Sobota, 21 grudnia 2024

imieniny: Tomasza, Piotra, Tomisława

RSS

Niebezpiecznie na drogach. Wina kierowców czy pieszych?

09.01.2019 02:22 | 19 komentarzy | kb

Padał intensywnie deszcz. Samochód z dużym impetem uderzył w drzewo. Jedna z kobiet poniosła śmierć na miejscu. To jeden z tragicznych wypadków drogowych, do którego mogło nie dojść. Lekkomyślność zadecydowała o czyjejś śmierci.

Niebezpiecznie na drogach.
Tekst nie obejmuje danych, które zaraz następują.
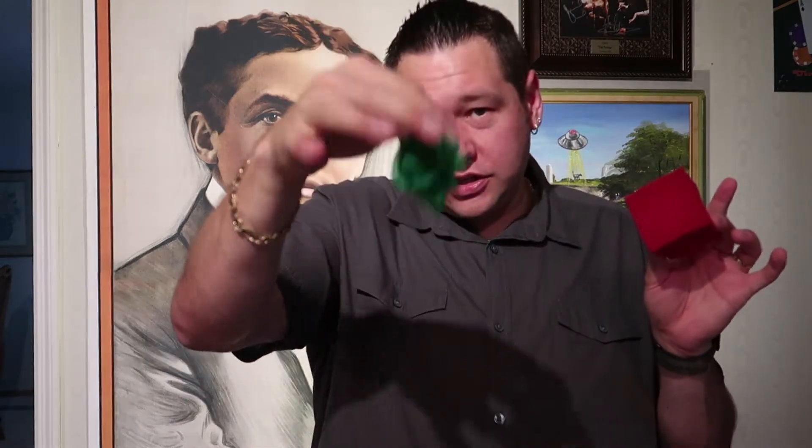This one? That one over there? No — that's not the red ball, that's actually the red cube. That's the red cube. And over here in this hand is not the green ball, it's actually the green handkerchief. And that's the trick of the week!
Wina kierowców czy pieszych?
Wiesz coś więcej na ten temat? Napisz do nas

Można stracić życie w samym środku miasta, w biały dzień. Nie chodzi tutaj o napad czy pobicie, ale o… najzwyklejsze przejście dla pieszych. Przejeżdżający na czerwonym świetle samochód albo wymijający inne auta, które zatrzymały się, aby przepuścić ludzi, igra z ludzkim życiem. Bywa, że kończy się to tragicznie.
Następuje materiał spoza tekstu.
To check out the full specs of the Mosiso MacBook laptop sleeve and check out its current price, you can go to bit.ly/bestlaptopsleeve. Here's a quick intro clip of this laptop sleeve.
Po ostatnich niebezpiecznych zdarzeniach na przejściach dla pieszych jastrzębianie rozpoczęli dyskusję  - „kogo bardziej wina”, pieszych czy kierowców? A więc kogo? Najlepiej o zdanie zapytać specjalistę, czyli policjanta, który od lat pracuje w ruchu drogowym - aspiranta sztabowego Roberta Szablickiego z Komendy Miejskiej Policji w Jastrzębiu-Zdroju.

fot. Policja.pl

- Obie strony, zarówno piesi jak i kierujący ponoszą odpowiedzialność za to, co dzieje się na drodze, za swoje bezpieczeństwo. Mimo wszystko to kierowcy są tymi, na których spoczywa obowiązek znajomości Kodeksu ruchu drogowego i stosowanie go w praktyce. Pamiętajmy, że prowadząc nieodpowiednio samochód o wadze jednej czy kliku ton można zabić czy poważnie ranić człowieka - podkreśla policjant.
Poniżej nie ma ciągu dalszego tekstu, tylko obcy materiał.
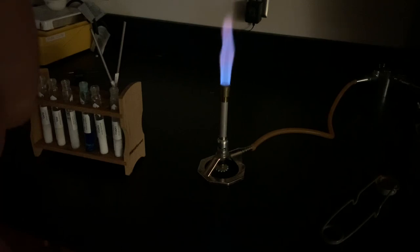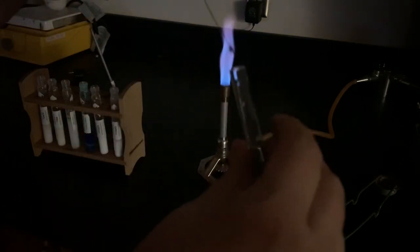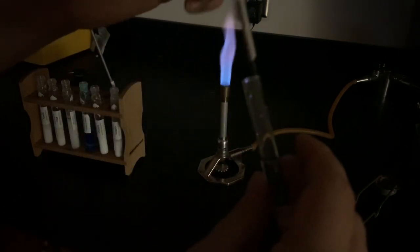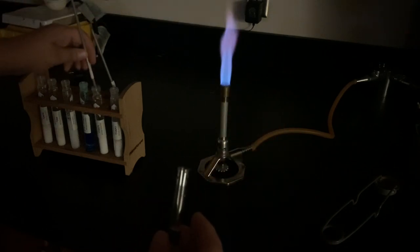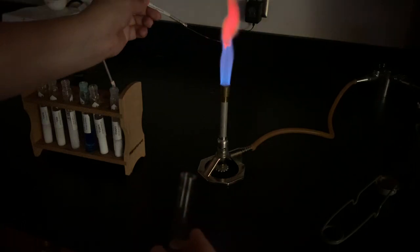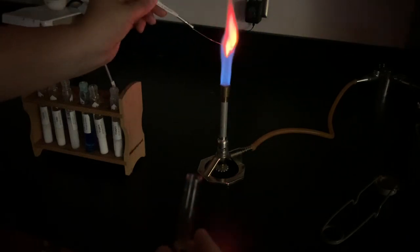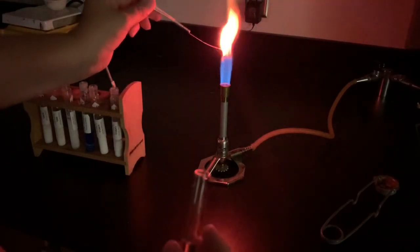Again clean water and clean inoculating loop as I switch to the next one. This one is strontium nitrate. I dip my clean loop into the clean water and then into my strontium nitrate salt. Strontium is also red, but a much lighter red than the lithium was.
Jakie są więc największe winy kierowców - sprawców wypadków drogowych. Policjant z wydziału ruchu drogowego wylicza: brak dostosowania prędkości do warunków panujących na drodze, nie udzielenie pieszemu pierwszeństwa na oznakowanym przejściu dla pieszych, brak należytej ostrożności w czasie przejeżdżania przez przejście.

- Kierowca musi mieć świadomość, że w każdej chwili na przejściu dla pieszych może pojawić się człowiek, a jego zachowanie może być nawet nieracjonalne i trzeba być przygotowanym na taką ewentualność.  Przepisy nakazują zwolnić przed przejściem, nawet, gdy nikt się na nim nie znajduje. Jeżeli nawet nieostrożny przechodzień nagle wtargnie tuż przed samochód, to mniejsza prędkość może zadecydować o jego przeżyciu lub rodzaju odniesionych obrażeń  - mówi asp. sztab. Szablicki.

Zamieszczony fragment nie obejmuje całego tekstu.